2

So I am stuck in a corner, I have a storage project that is limited to 24 spindles, and requires heavy random Write (the corresponding read side is purely sequential). Needs every bit of space on my Drives, ~13TB total in a n-1 raid-5, and has to go fast, over 2GB/s sort of fast.

The obvious answer is to use a Stripe/Concat (Raid-0/1), or better yet a raid-10 in place of the raid-5, but that is disallowed for reasons beyond my control. So I am here asking for help in getting a sub optimal configuration to be as good as it can be.

The array built on direct attached SAS-2 10K rpm drives, backed by a ARECA 18xx series controller with 4GB of cache. 64k array stripes and an 4K stripe aligned XFS File system, with 24 Allocation groups (to avoid some of the penalty for being raid 5).

The heart of my question is this: In the same setup with 6 spindles/AG's I see a near disk limited performance on the write, ~100MB/s per spindle, at 12 spindles I see that drop to ~80MB/s and at 24 ~60MB/s.

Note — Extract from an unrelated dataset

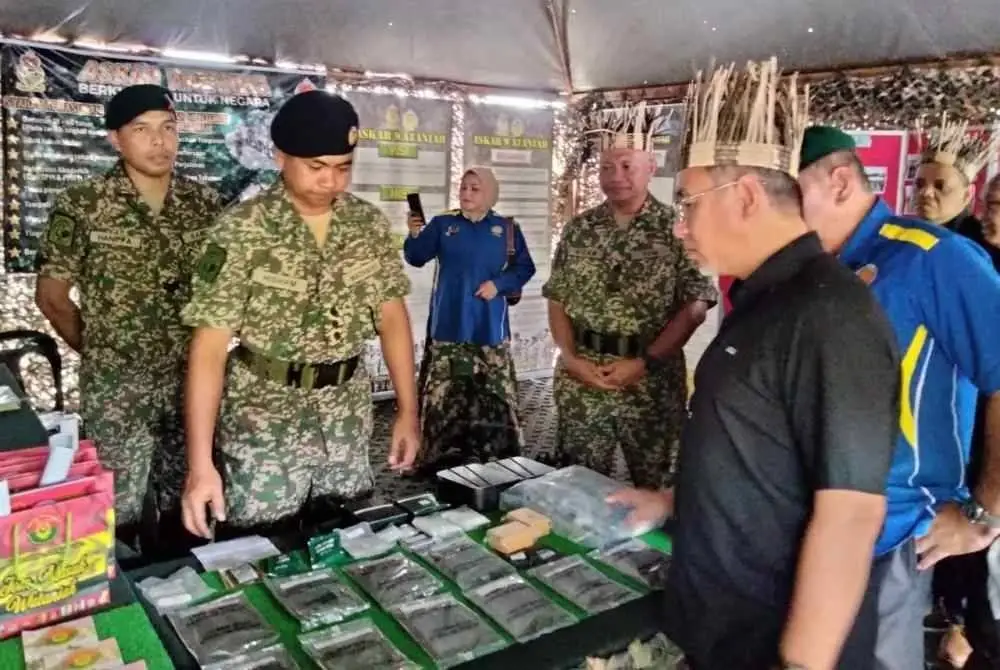 Adly (kanan) melawat reruai ATM ketika Lawatan Kerja dan Korban Sempena Hari Raya Aidiladha Bersama Anggota Operasi Merpati Negeri Kelantan pada Ahad.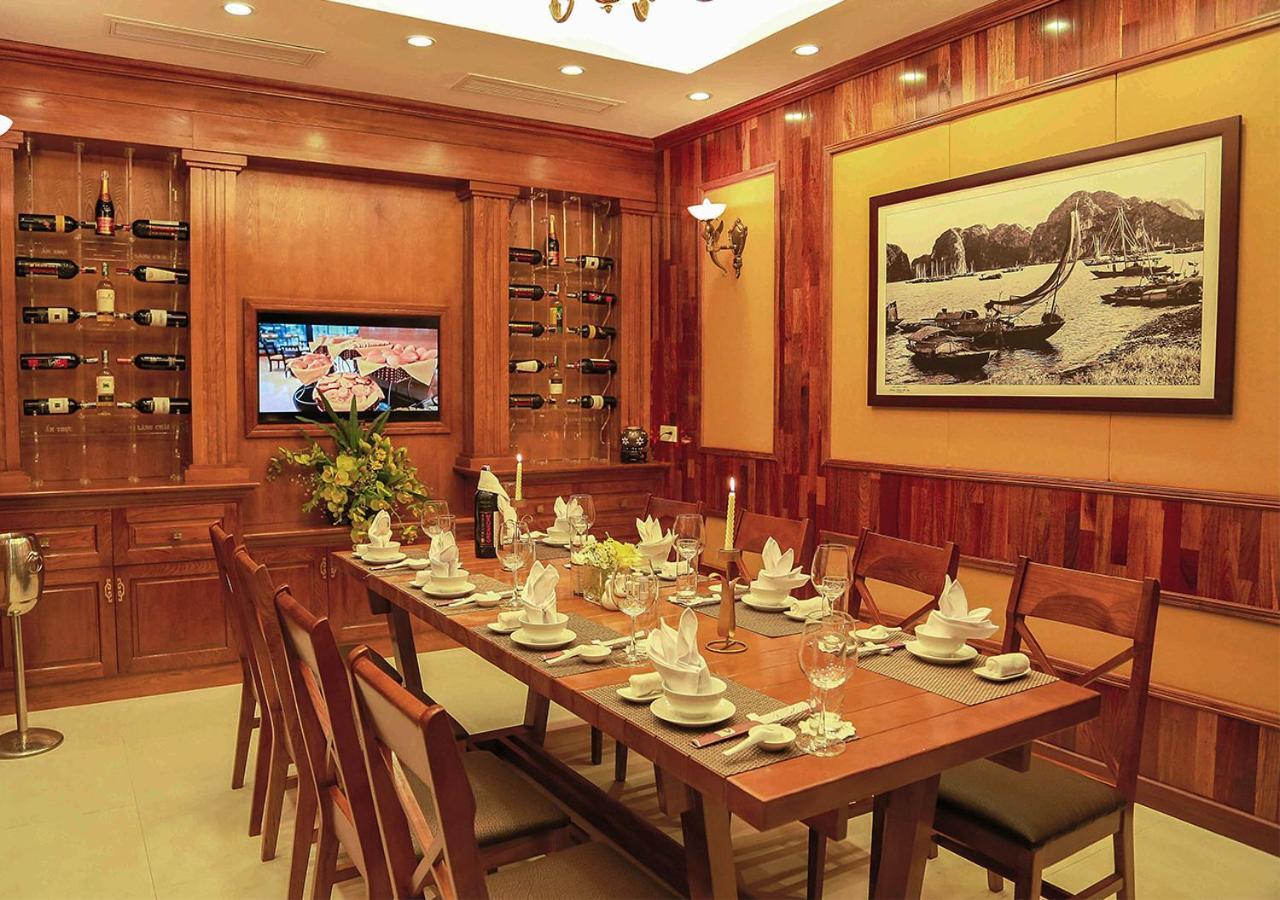 Khách sạn Palace Hạ Long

I would expect that with a distributed parity and matched AG's, the performance should scale with the # of spindles, or be worse at small spindle counts, but this array is doing the opposite.

What am I missing ?

Should Raid-5 performance scale with # of spindles ?

Many thanks for your answers and any ideas, input, or guidance.

--Bill Edit: Improving RAID performance The other relevant thread I was able to find, discusses some of the same issues in the answers, though it still leaves me with out an answer on the performance scaling.

Bill N.
  • 123
  • 1
  • 5
  • I would think there's overhead involved due to the calculation of parity... – Bart Silverstrim Apr 10 '12 at 16:28
  • 2
    What you are seeing is that the controller is running into saturation, which is to be expected. Adding a second controller and making use of logical volume management should help with that regard. If you need sequential access performance then not more than a dozen disks should be employed per current generation SAS HBAs. – pfo Apr 10 '12 at 17:21
  • Could you also describe your IO pattern? What performance target do you need to hit. You said 2GB/s writes but for what load? 2GB/s is probably not possible with even a few parallel threads plowing on the same file with that setup. – pfo Apr 10 '12 at 17:37
  • To answer pfo, The Write side IO pattern for this case is as bad as the array layout, and also outside my control: I have 500+ open file handles, each one is writing a sequentially growing file ( Picture a system log file, or network capture ). The writes are called in Stripe sized blocks. Each file is serviced by it's own thread, with about 32 threads active in given time slice (1/2 of the physical cores on the system are dedicated to file writing.) The Disk controller is on it's own IOH and so is not contending with any of the other IO on the box. – Bill N. Apr 10 '12 at 18:09
  • The Actual data rate target rate is 1.8GB/s on average for 12 hours, it will not be a constant rate, but can sustain over 2.5GB/s for up to 10min. – Bill N. Apr 10 '12 at 18:16

3 Answers3

6

ANY RAID 5 is sub-optimal, a 24-disk R5 array is just beyond stupid, I don't mean to be rude but most hardware array controllers won't let you create a 24 disk R5 array, think of how much data you may be losing without even knowing it. Also if you're doing any amount of any type of writing RAID5 or 6 aren't the way forward, in fact adding more spindles is likely to just slow things down.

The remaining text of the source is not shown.